SCHWALMSTADT. Ich überlege, was passiert, wenn in einem großen Industrietrieb die Geschäftsführung entscheidet, ein wichtiges Bauteil bei Zulieferer A zu kaufen, aber der Chef des Einkaufs – entgegen aller Absprachen – mit Zulieferer B einen Vertrag schließt?
Oder noch besser: wenn eine „kleine“ Reinigungskraft in einer Hühnerfarm die Weisung hat, nicht mit Fipronil zu reinigen und sie tut es doch? Wie lange würde es dauern, bis sich beide ein neues Betätigungsfeld suchen dürfen? Wenn ein Bundesminister in Brüssel gegen eine Weisung handelt, ist das hingegen nicht unmittelbar gefährlich für den Job…
Was macht das Gift eigentlich? Es tötet alles ab, was Blätter hat und wird deshalb vor der Aussaat ausgebracht. Dann wächst also nichts mehr und der Boden ist leicht zu bearbeiteten. Der Clou: Pflanzen kann man gentechnisch so verändern, dass sie gegen dieses Herbizid unempfindlich werden. Dann lässt sich das Gift sogar ganzjährig einsetzen…
Landwirte argumentieren gerne mit der Unumgänglichkeit des Ausbringens von Pestiziden. Ob Herbizide oder Insektizide, die Pflanzenschutzmittel, wie sie liebevoll auch genannt werden, wenn man den Giftbegriff umgehen will, sollen die Landwirtschaft einfacher machen und natürlich wirtschaftlicher. Erlaubt ist alles, was nicht unmittelbar schädigt und dem Landbau nützt.
Das ist so, als würden wir an Gerüsten keine Geländer mehr anschrauben, weil sich Häuser dann billiger bauen lassen. Solange keiner dahin tritt, wo er nicht hinlatschen darf, kein Problem! Wir könnten Autobahnen auch billiger und wirtschaftlicher machen, wenn wir die Mittelstreifen weglassen.

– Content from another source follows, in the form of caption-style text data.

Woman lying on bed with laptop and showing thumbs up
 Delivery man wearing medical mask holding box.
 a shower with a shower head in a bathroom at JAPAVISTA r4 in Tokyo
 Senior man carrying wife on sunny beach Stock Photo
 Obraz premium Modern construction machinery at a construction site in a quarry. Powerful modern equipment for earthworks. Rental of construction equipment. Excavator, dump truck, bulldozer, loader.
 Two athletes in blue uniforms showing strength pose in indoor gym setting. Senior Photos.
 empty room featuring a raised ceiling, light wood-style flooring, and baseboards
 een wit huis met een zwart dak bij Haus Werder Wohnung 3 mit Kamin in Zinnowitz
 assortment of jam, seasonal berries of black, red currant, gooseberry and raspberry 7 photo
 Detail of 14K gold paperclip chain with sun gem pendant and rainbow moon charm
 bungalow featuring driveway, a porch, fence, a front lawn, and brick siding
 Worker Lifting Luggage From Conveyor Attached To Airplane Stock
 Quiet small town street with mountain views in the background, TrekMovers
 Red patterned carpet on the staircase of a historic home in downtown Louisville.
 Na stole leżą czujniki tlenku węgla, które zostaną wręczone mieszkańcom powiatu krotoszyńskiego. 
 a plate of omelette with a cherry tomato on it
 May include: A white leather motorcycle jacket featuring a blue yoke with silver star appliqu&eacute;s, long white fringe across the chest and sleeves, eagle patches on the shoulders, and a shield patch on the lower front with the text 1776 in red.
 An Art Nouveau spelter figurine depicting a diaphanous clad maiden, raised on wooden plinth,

Solange sich alle an die Regeln halten, nicht zu schnell fahren, nicht betrunken und unausgeruht fahren, kein Problem!
Das machen wir aber aus gutem trotzdem nicht, nur weil es dann wirtschaftlicher wäre. Das schöne ist außerdem, dass nicht der einzelne Bauer einen Vorteil von Wirkstoffen wie Glyphosat hat, sondern entweder alle oder keiner. Deshalb ist es gut, dass die EU das für ganz Europa regelt. Und weil auch der wichtigste Konkurrent in der Produktion, die USA, das Pestizid wegen seiner möglichen Krebsgefahr schon verboten hat, gibt es eigentlich keinen echten Wettbewerbsnachteil aus einem Verbot.
Seit der Mensch entschieden hat, sein Dasein als Jäger und Sammler aufzugeben, hat es immer Landwirtschaft gegeben. Lange bevor Pestizide erfunden wurden hat sie funktioniert. Es geht um Effizienz und letztlich um billig herzustellende Lebensmittel. Dabei reduzieren wir lästige Mücken und Ungeziefer gleich mit, die uns plagen und nerven.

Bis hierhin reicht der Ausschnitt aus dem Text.